Staff Sgt. Billie Barnard, 50th Space Wing GTC agency program coordinator, says the most frequent misuse of the GTC comes when members use it for personal expenditures. 

"The card is meant to be used for costs associated with TDY, things, like airline tickets, rental cars, lodging, meals and incidental expenses associated with TDY," Sergeant Barnard said. "An example of misuse would be if someone bought all of their incidental items at Wal-Mart and then decided to buy a television too. Or they'll say, 'I like that CD so, I'll just throw it on the government card.' That's where it becomes misuse." 

The misconception for some members comes when they simply think because they pay their balance every month, the invalid expenditures will go unnoticed. 

"That is incorrect," Sergeant Barnard said. "We run a transaction report, which includes all GTC expenditures by everyone in the 50th Space Wing, on a monthly basis." 

The finance office takes this offense seriously. So seriously that offending Airmen can experience escalating levels of discipline for repeated offenses. That discipline is handled through unit commanders. Once suspicious expenditures are noticed they are cross referenced with a wing TDY list. 

"We don't send an e-mail to the member saying, 'we think you may have misused your GTC card,'" Sergeant Barnard said. "We just send the information on to the unit commander and let them deal with finding out if the transaction in question was valid or invalid." 

The unit commander can then investigate and report back as to whether the transaction was valid, or that it was invalid and being handled appropriately. 

The DoD FMR does provide unit commanders with options for disciplining offending Airmen, up to and including an Article 92, "Failure to obey order or regulation," but those commanders are free to exercise judgment in each case.
Airmen unfamiliar with proper GTC use can consult the DoD FMR volume 9, chapter 3, or they can also contact the finance office at 567-2010. 

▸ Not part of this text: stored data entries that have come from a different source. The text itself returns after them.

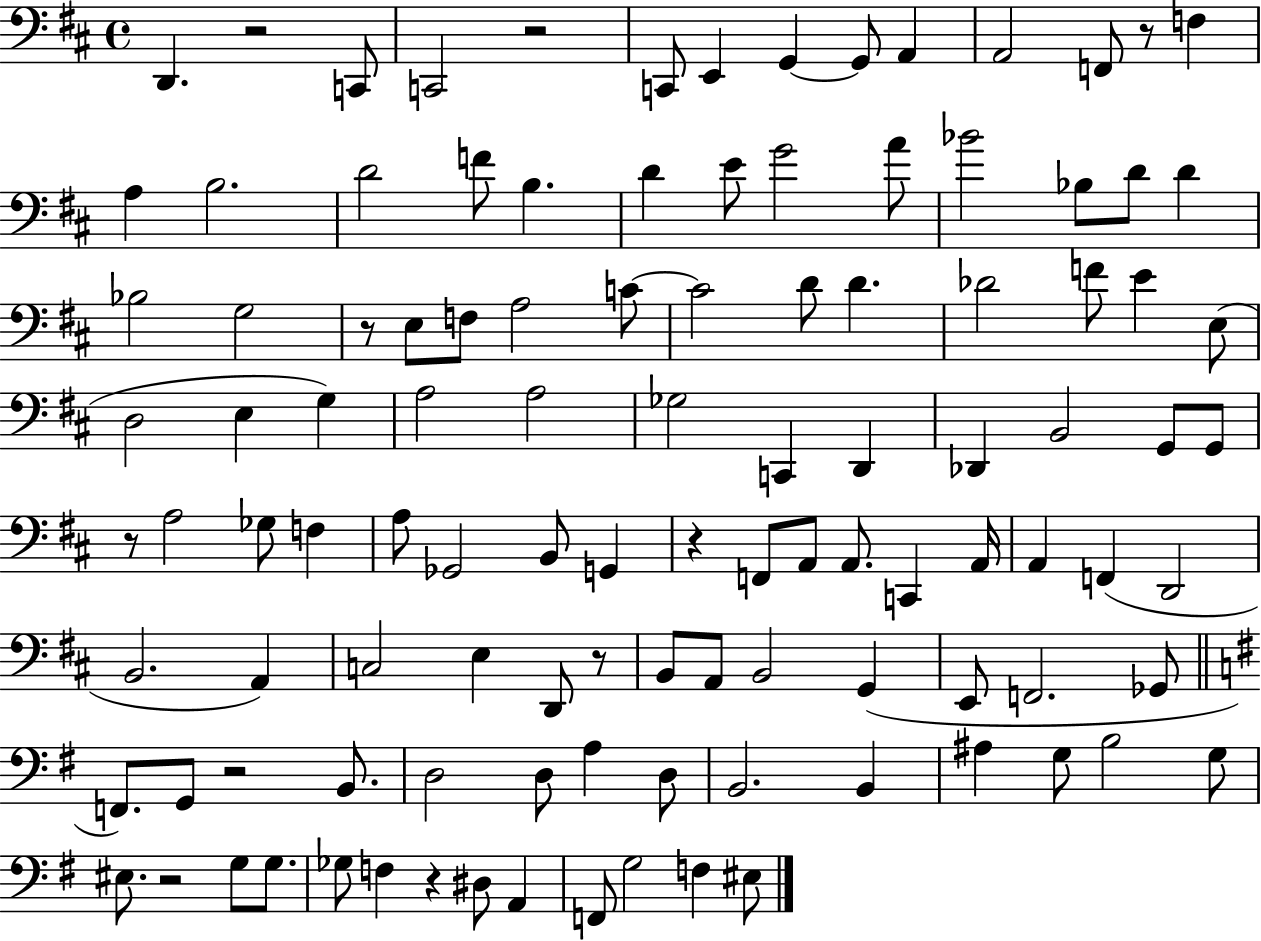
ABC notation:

X:1
T:Untitled
M:4/4
L:1/4
K:D
D,, z2 C,,/2 C,,2 z2 C,,/2 E,, G,, G,,/2 A,, A,,2 F,,/2 z/2 F, A, B,2 D2 F/2 B, D E/2 G2 A/2 _B2 _B,/2 D/2 D _B,2 G,2 z/2 E,/2 F,/2 A,2 C/2 C2 D/2 D _D2 F/2 E E,/2 D,2 E, G, A,2 A,2 _G,2 C,, D,, _D,, B,,2 G,,/2 G,,/2 z/2 A,2 _G,/2 F, A,/2 _G,,2 B,,/2 G,, z F,,/2 A,,/2 A,,/2 C,, A,,/4 A,, F,, D,,2 B,,2 A,, C,2 E, D,,/2 z/2 B,,/2 A,,/2 B,,2 G,, E,,/2 F,,2 _G,,/2 F,,/2 G,,/2 z2 B,,/2 D,2 D,/2 A, D,/2 B,,2 B,, ^A, G,/2 B,2 G,/2 ^E,/2 z2 G,/2 G,/2 _G,/2 F, z ^D,/2 A,, F,,/2 G,2 F, ^E,/2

Some misconceptions also arise involving dates of use, but there are no set specific dates for GTC use prior to TDY. 

"We recommend use of the card one day prior to going on TDY," Sergeant Barnard said. "You can use it one day prior for cash advances for example, but you don't use it after you return home because you are no longer on TDY." 

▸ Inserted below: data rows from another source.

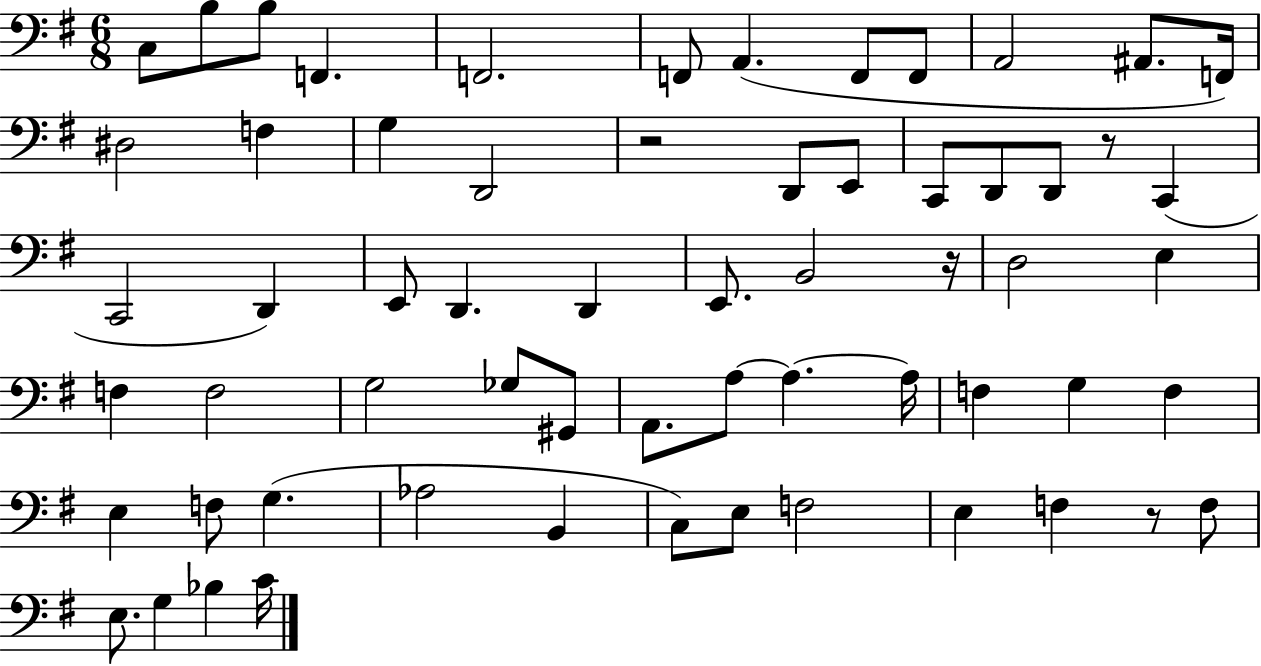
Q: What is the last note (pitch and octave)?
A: C4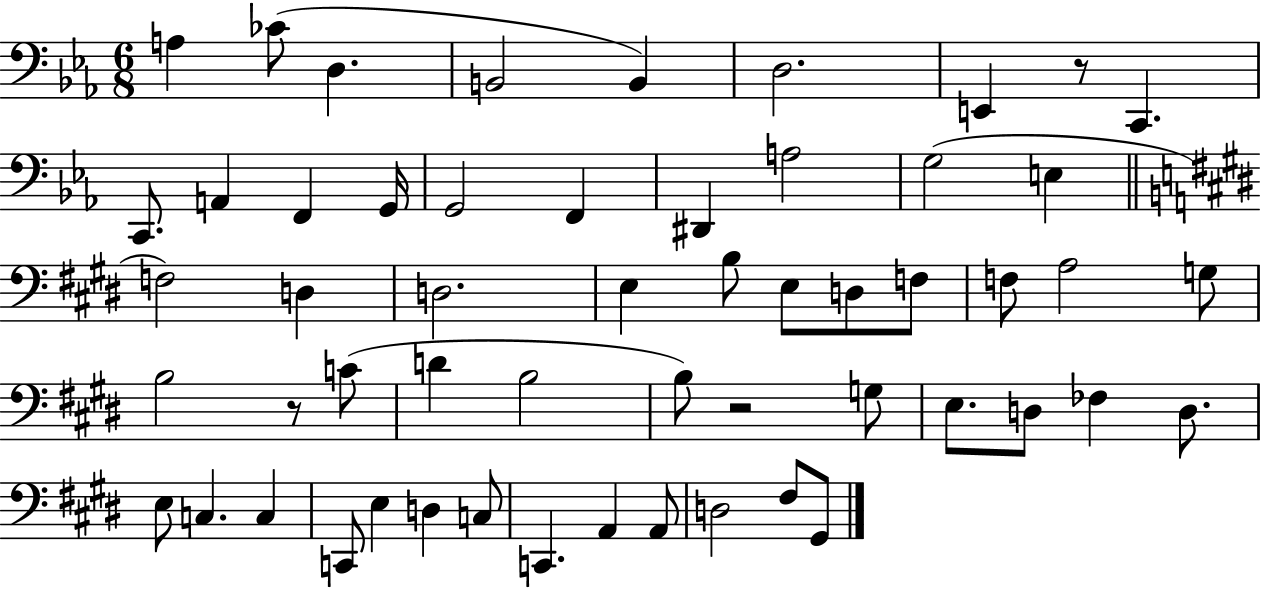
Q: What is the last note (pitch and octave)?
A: G#2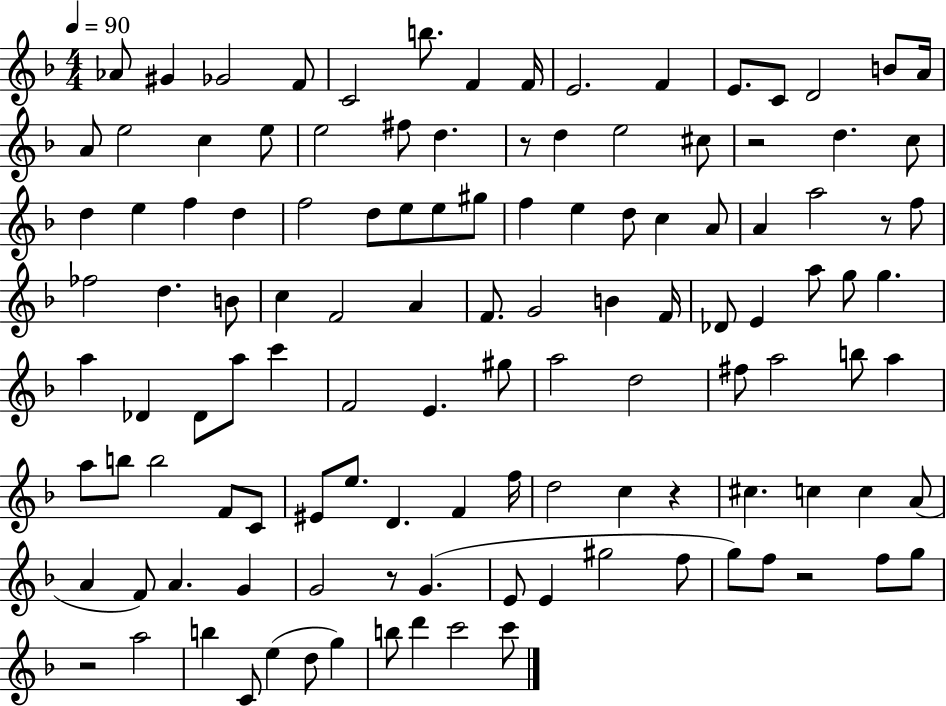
{
  \clef treble
  \numericTimeSignature
  \time 4/4
  \key f \major
  \tempo 4 = 90
  aes'8 gis'4 ges'2 f'8 | c'2 b''8. f'4 f'16 | e'2. f'4 | e'8. c'8 d'2 b'8 a'16 | \break a'8 e''2 c''4 e''8 | e''2 fis''8 d''4. | r8 d''4 e''2 cis''8 | r2 d''4. c''8 | \break d''4 e''4 f''4 d''4 | f''2 d''8 e''8 e''8 gis''8 | f''4 e''4 d''8 c''4 a'8 | a'4 a''2 r8 f''8 | \break fes''2 d''4. b'8 | c''4 f'2 a'4 | f'8. g'2 b'4 f'16 | des'8 e'4 a''8 g''8 g''4. | \break a''4 des'4 des'8 a''8 c'''4 | f'2 e'4. gis''8 | a''2 d''2 | fis''8 a''2 b''8 a''4 | \break a''8 b''8 b''2 f'8 c'8 | eis'8 e''8. d'4. f'4 f''16 | d''2 c''4 r4 | cis''4. c''4 c''4 a'8( | \break a'4 f'8) a'4. g'4 | g'2 r8 g'4.( | e'8 e'4 gis''2 f''8 | g''8) f''8 r2 f''8 g''8 | \break r2 a''2 | b''4 c'8 e''4( d''8 g''4) | b''8 d'''4 c'''2 c'''8 | \bar "|."
}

Still, he believes most GTC misuse issues aren't arising out of ignorance. 

"Out of the $200,000 that's spent monthly on average through the 50th Space Wing, there might be five percent of misuse, so a lot of people know what they should and should not be spending on the card," Sergeant Barnard said. "It's just those people who choose to use it without questioning before using it, or they neglect what they've been told and decide to use it anyway." 

There are some cases involving legitimate or unintentional misuse as well, where card members confuse the GTC with other personal credit cards and use the GTC by accident. 

The APC says those cases are understandable, but the situations where card members are knowingly using the card at a restaurant or a retail store downtown are clear violations. 

On other fronts, the finance office also handles issues involving the conversion of the GTC from Bank of America to Citibank, an action that occurred in November 2008. Most card members were issued new cards from Citibank and instructed to use those after Nov. 29. 

"One of the big issues is Citibank has not completely perfected it's Web site," Sergeant Barnard said. "Probably 96 percent of the people who had a Bank of America GTC received new cards from Citibank, but of the 4 percent who did not receive a new card, it's been tough to get a new card." 

The finance office also handles delinquent-payment cases involving the GTC. 

Card members are expected to pay their balance in full every month, but in some cases, those members are on extended TDY assignments. 

"We do have cases where people become delinquent and we understand we can not control the length of TDYs," Sergeant Barnard said. "So our goal for delinquent payments is 2 percent, based on the total charges for the month divided by the total amount that is delinquent -- $4,000 for delinquencies in a month when you're talking $200,000 in transactions ... that's tough."